3 Photographs from last week: (1) MUZE, (2) Janelle, & (3) a place I used to haunt when I was a kid: the "frog pond." The frog pond is less than 1,000 yards from our front door, and results from an underground spring that bubbles up, drains downhill through a polluted wooded area, and collects just below a dirt embankment, at the top of which are the railroad tracks that run right through the heart of Manchester. Basically, the frog pond is an acre or so of the kind of water you don't want to drink from or really even be near. In the summer, mosquitoes the size of Volkswagens swarm around in fevered droves.
One Spring, my father and I patched up an old yellow raft we'd found. Floating out onto the surface of the frog pond, I looked down and saw thousands of tiny spiders, less dense than water, skating across the surface of the pond. I felt like I was in a Paleolithic scene of some kind, and, trying to divine the bottom of the pond with a long stick, fantasized about stirring a plesiosaurus from its million year hibernation. The frogs creaked and croaked as my old dog appeared and stood at water's edge, her head cocked aside, watching my dad and I navigate the murk.

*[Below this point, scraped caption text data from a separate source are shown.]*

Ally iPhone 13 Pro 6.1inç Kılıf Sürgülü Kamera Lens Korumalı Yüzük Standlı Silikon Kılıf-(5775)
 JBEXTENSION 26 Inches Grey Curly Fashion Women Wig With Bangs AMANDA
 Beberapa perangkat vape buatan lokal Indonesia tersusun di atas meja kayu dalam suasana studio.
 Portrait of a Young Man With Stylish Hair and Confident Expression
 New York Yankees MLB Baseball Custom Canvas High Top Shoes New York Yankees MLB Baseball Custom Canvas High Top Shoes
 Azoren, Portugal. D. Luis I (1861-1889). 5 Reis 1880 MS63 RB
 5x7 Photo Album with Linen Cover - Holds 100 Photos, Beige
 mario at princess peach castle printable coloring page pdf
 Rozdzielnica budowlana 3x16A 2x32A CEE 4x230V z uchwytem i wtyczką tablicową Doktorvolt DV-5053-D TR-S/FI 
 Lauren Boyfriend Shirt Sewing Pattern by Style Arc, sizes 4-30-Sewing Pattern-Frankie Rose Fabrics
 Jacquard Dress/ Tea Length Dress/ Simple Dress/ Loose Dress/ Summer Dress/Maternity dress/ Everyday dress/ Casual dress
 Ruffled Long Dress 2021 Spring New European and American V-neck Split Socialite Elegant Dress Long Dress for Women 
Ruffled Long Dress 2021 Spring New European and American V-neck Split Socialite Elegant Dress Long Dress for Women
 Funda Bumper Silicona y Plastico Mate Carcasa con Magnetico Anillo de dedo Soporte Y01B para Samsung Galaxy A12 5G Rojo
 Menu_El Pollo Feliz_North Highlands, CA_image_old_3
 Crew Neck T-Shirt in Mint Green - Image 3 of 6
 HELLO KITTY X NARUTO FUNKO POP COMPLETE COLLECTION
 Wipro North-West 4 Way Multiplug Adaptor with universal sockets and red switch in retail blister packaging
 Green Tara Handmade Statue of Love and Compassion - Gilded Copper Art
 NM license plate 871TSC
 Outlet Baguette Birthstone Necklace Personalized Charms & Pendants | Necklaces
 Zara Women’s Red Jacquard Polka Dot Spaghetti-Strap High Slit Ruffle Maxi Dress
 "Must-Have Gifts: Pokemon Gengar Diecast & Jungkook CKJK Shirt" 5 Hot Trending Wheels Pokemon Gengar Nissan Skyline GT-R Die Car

My father is, amongst other things, an excellent mechanic who interacts well with the physicalities of things. He knows a lot. He especially knows a lot about automobiles and tires. The raft we used in the Frog Pond Voyage had had a three foot gash in it, which ran along a seam on the raft's bottom. My dad applied his trade and, in a few minutes, had turned a shredded mass of rubber into a seafaring vessel. "Let's go try it out in the Frog Pond, Dad!" I had said.
When I think back to floating there, in that raft, and in that darkened murk, while the rusting, empty flatcars of the CSX sauntered by overhead, it's easy to see it as some kind of metaphor about the kind of wild spell a father can cast over his boy. The patch that held us up. The boat that took us offshore. What is the density of the action and love that says, "World is good"?